§ **Work task**
The required output is the lines from the one with "Nike nike+ sportwatch" through the end of the data, repeated verbatim, with no pictures included.

§ **Dataset extract**
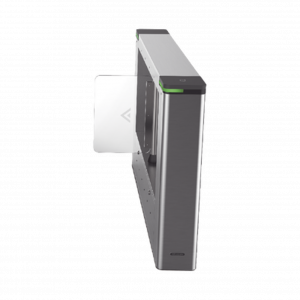 Torniquete medio cuerpo HIKVISION DERECHO tipo Swing para Carril de 90 cms
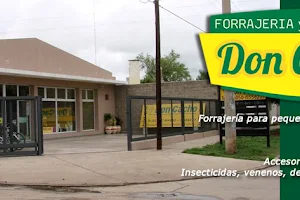 Forrajería y Veterinaria Don Cacho image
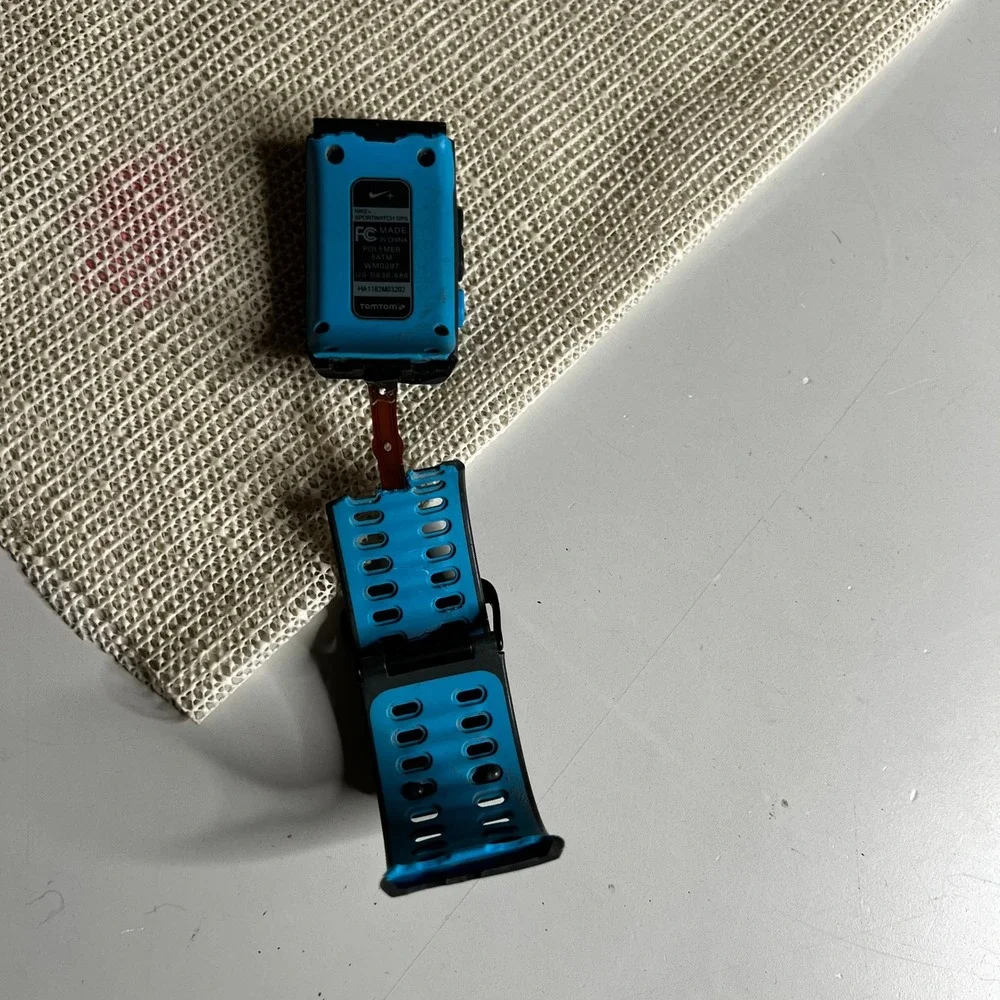 Nike nike+ sportwatch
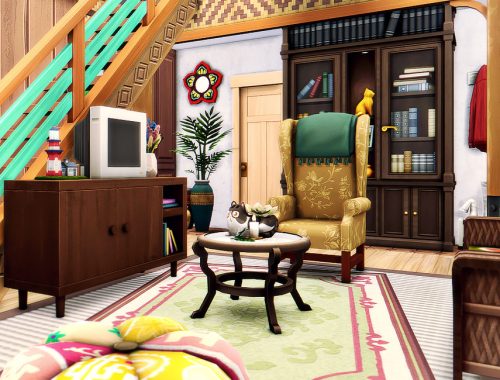 Boho Barn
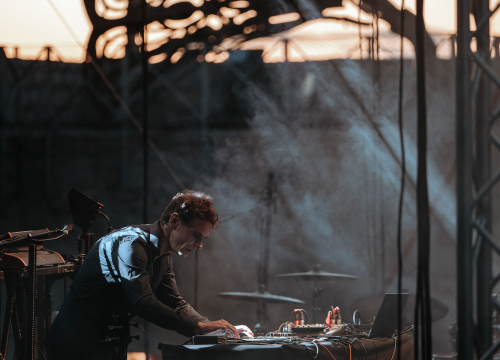 Fotografija 3 - Bonobo na prepunoj tvrđavi sv. Mihovila: 'Ovo je bilo nestvarno, ovo mi je najdraži koncert u godini!'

§ **Expected answer**
 Nike nike+ sportwatch
 Boho Barn
 Fotografija 3 - Bonobo na prepunoj tvrđavi sv. Mihovila: 'Ovo je bilo nestvarno, ovo mi je najdraži koncert u godini!'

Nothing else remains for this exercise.